I've recently spent quite a bit of time digging into the customer side of Ariba's business, and plan to share what I've learned early next week on Spend Matters. I also plan to dig into some of the news from their analyst call that is taking place as I write. But in the meantime, if Ariba's latest quarterly and fiscal year results are any indication of where the company is headed, it's clear that their SaaS transition is proceeding and that they're continuing to weather the overall economic storm (although year-over-year revenues have declined, owing primarily -- at least from my observations -- to a challenging services environment). Moreover, at least on certain fronts, this is a company that has some degree of bifurcation within its customer base regarding overall Ariba support, direction and impression (i.e., net positive vs. net negative). But in general, based upon my research, the majority of SaaS customers appear satisfied -- with the occasional exception, mind you -- and this is where Ariba is clearly placing its growth bets from a software standpoint.
How did Ariba perform in the latest quarter? Stay tuned for my specific analysis of the numbers following the conference call later this week or next. But for now, I'll posit that overall, the numbers do not suggest a company that is performing any worse than its peer group, and in fact is performing significantly better than some.

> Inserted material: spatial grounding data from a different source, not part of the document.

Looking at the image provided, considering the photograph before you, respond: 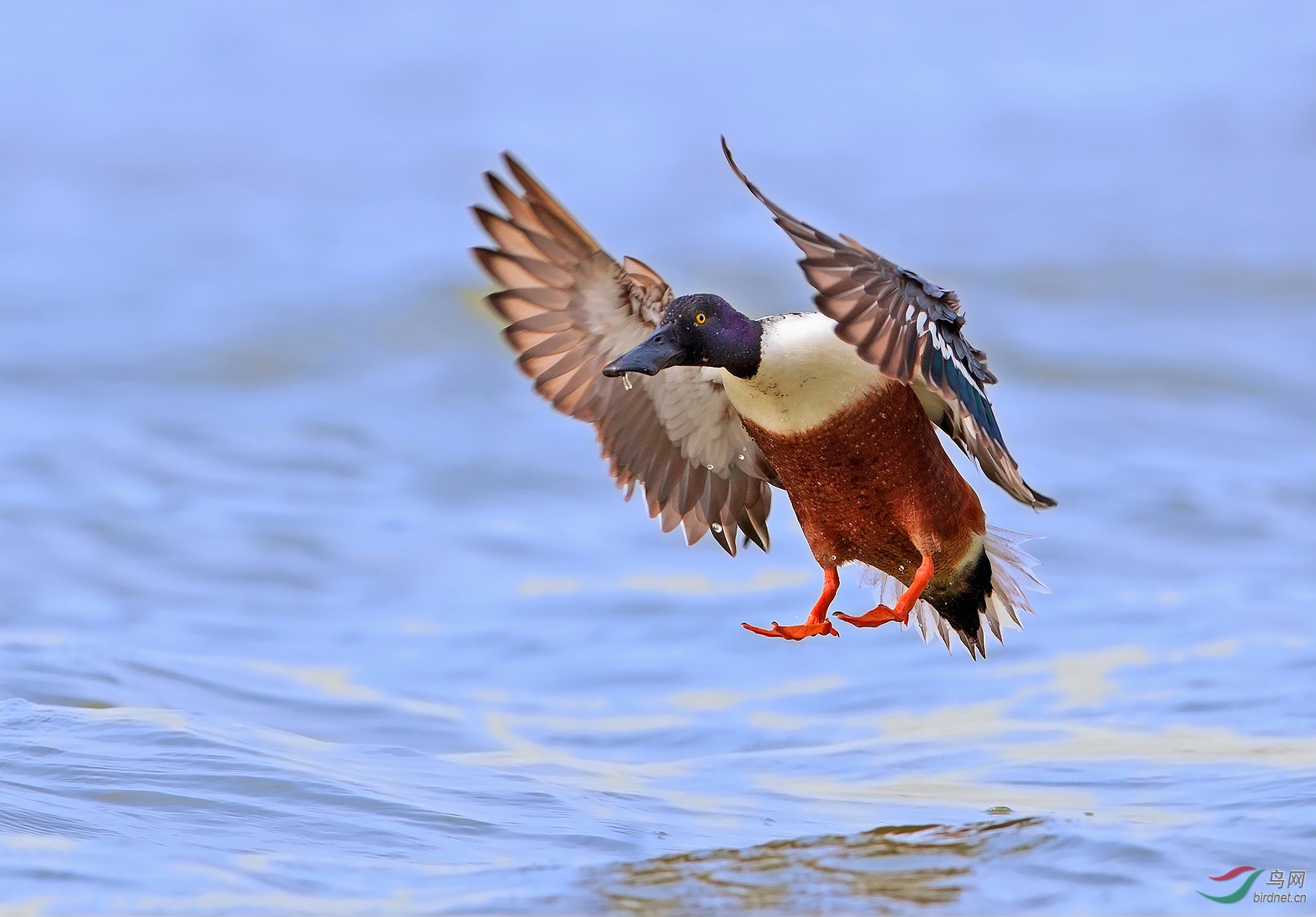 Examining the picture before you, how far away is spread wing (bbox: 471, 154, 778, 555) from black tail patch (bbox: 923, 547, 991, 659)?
2.20 feet

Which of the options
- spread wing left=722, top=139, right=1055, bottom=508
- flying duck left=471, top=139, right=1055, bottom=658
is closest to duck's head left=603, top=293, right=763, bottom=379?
flying duck left=471, top=139, right=1055, bottom=658

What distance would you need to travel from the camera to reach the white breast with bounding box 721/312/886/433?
5590mm

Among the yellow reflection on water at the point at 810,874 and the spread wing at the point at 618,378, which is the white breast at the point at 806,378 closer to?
the spread wing at the point at 618,378

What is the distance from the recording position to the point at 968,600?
6469 millimetres

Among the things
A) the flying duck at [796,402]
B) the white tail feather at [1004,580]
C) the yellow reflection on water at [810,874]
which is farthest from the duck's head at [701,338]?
the yellow reflection on water at [810,874]

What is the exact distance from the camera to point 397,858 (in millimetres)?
5746

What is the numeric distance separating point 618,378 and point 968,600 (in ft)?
4.69

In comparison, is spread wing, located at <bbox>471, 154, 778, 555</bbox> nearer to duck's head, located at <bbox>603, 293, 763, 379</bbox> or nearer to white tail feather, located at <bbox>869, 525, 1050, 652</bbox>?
duck's head, located at <bbox>603, 293, 763, 379</bbox>

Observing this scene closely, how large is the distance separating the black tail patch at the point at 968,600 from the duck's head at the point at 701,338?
1244mm

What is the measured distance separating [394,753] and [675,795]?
4.05 ft

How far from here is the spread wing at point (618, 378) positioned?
5910mm

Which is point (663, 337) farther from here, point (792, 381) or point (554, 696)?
point (554, 696)

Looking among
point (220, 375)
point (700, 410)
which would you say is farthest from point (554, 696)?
point (220, 375)

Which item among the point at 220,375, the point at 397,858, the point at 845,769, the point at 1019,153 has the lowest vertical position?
the point at 397,858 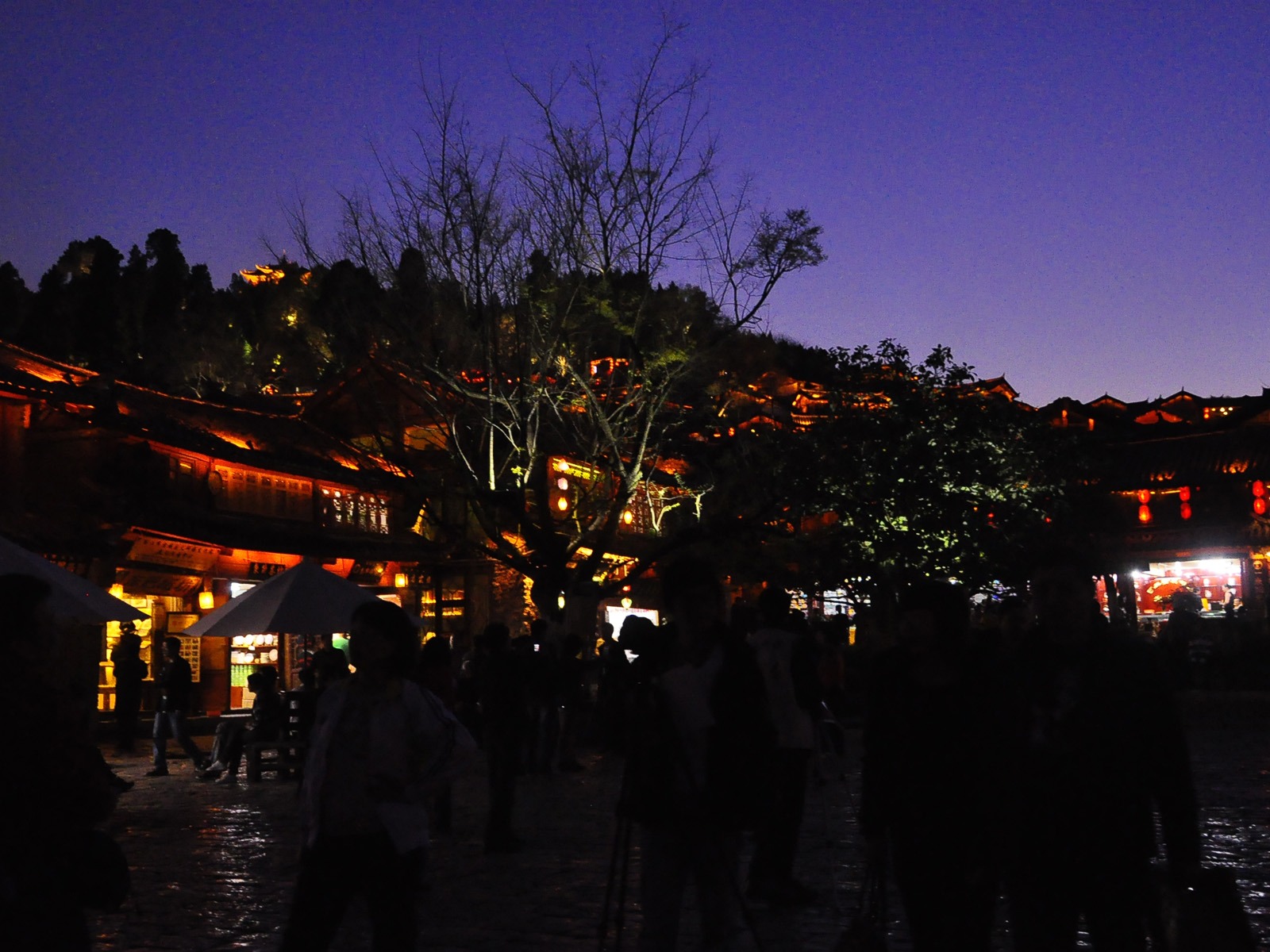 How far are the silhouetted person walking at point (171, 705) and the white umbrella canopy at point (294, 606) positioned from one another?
8.42ft

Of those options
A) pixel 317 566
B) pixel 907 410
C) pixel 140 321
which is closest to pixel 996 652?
pixel 317 566

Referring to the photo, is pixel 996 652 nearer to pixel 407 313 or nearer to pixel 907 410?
pixel 407 313

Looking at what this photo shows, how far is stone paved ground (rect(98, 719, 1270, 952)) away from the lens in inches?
272

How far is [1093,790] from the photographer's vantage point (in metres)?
3.90

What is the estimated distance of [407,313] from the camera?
22953mm

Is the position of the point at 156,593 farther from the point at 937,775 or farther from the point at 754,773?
the point at 937,775

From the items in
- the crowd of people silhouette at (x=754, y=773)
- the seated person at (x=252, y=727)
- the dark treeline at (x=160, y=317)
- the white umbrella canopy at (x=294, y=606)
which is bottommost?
the seated person at (x=252, y=727)

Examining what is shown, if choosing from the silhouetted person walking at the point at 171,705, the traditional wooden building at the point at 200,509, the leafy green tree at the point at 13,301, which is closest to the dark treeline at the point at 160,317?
the leafy green tree at the point at 13,301

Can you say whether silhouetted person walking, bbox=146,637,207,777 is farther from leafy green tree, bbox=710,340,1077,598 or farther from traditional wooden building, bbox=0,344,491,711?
leafy green tree, bbox=710,340,1077,598

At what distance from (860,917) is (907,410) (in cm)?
2396

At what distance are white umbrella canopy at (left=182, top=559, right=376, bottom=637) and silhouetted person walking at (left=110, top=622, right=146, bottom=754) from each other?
21.7 feet

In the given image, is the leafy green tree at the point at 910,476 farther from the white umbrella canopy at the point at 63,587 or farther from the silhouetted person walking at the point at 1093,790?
the silhouetted person walking at the point at 1093,790

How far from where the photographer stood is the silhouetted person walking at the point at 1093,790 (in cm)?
385

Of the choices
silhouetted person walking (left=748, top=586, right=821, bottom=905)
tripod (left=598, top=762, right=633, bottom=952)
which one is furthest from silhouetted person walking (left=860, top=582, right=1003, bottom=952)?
silhouetted person walking (left=748, top=586, right=821, bottom=905) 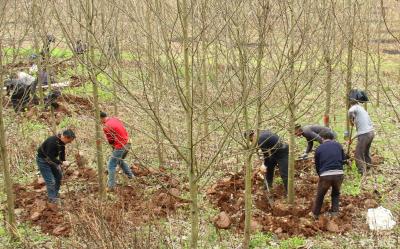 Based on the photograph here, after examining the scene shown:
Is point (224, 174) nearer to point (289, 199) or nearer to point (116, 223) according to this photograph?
point (289, 199)

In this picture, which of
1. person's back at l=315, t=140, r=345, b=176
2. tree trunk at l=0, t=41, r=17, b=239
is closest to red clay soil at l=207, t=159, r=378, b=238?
person's back at l=315, t=140, r=345, b=176

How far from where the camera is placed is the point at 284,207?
24.5 feet

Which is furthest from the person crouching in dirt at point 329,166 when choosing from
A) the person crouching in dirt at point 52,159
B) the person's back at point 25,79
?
the person's back at point 25,79

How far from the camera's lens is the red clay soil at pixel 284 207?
681 cm

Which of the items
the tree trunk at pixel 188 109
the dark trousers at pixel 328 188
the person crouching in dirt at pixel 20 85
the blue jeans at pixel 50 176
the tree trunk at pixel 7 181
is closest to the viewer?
the tree trunk at pixel 188 109

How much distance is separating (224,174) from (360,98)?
124 inches

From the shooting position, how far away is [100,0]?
23.8ft

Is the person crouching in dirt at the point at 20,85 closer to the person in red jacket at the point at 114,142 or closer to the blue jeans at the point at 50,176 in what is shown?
the blue jeans at the point at 50,176

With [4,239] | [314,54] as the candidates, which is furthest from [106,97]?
[314,54]

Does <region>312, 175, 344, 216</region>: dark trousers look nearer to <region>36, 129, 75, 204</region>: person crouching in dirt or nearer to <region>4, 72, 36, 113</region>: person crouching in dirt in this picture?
<region>36, 129, 75, 204</region>: person crouching in dirt

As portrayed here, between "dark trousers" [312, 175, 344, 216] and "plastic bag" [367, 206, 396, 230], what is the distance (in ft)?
1.83

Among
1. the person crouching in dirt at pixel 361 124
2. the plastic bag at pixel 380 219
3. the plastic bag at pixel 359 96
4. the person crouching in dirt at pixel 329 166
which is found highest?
the plastic bag at pixel 359 96

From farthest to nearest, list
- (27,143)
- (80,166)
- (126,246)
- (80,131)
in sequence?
1. (80,131)
2. (27,143)
3. (80,166)
4. (126,246)

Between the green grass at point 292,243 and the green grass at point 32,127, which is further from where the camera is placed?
the green grass at point 32,127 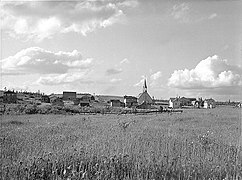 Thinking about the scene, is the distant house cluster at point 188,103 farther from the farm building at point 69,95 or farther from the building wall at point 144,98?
the farm building at point 69,95

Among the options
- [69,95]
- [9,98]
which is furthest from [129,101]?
[9,98]

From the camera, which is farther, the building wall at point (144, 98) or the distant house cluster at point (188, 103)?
the distant house cluster at point (188, 103)

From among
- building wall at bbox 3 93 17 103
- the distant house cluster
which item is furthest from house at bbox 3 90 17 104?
the distant house cluster

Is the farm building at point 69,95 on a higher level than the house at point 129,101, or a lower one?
higher

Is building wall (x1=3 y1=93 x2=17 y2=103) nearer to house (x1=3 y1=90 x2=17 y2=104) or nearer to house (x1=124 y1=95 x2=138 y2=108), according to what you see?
house (x1=3 y1=90 x2=17 y2=104)

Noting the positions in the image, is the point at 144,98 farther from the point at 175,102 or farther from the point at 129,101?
the point at 175,102

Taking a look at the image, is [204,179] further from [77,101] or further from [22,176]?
[77,101]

According to Reuters, Ariba beat its quarterly earnings estimates by a penny a share. And they "added 40 new customers in the fourth quarter and closed 15 transactions over $1 million, including six software deals over $1 million. On-demand product deals totalled [SIC] 231." This translates to net income of 6 cents a year vs. an 8 cents per share loss from the same period in 2008. Perhaps most interesting from a numbers perspective is that the company managed to improve the health of its balance sheet to the tune of a $40 million increase in cash and cash equivalents over the last 12 months.
I have personally seen a number of new deals of late where Ariba has done a good job winning over prospects in relation to the competition. That has been due in part to what appears to be more aggressive pricing, a better story around SaaS P2P (from an integration standpoint vs. when it first came out in an On Demand model) and some competitive follies and missteps from key competitors both overall and in particular deal situations, particularly on the ERP side. I suspect, however, that as SAP continues to push its new solutions such as spend visibility and SRM 7.0 and its partner-driven On Demand business model, that Ariba will have at least a slightly more challenging time in the quarters ahead when it comes to direct face-offs with their main ERP rival. In addition, the latest news out of the Oracle -- stay tuned for continued coverage later this week and next on the news out of Open World -- will no-doubt contribute to additional competition in the areas of spend visibility (including classification), P2P, e-sourcing and supplier information management.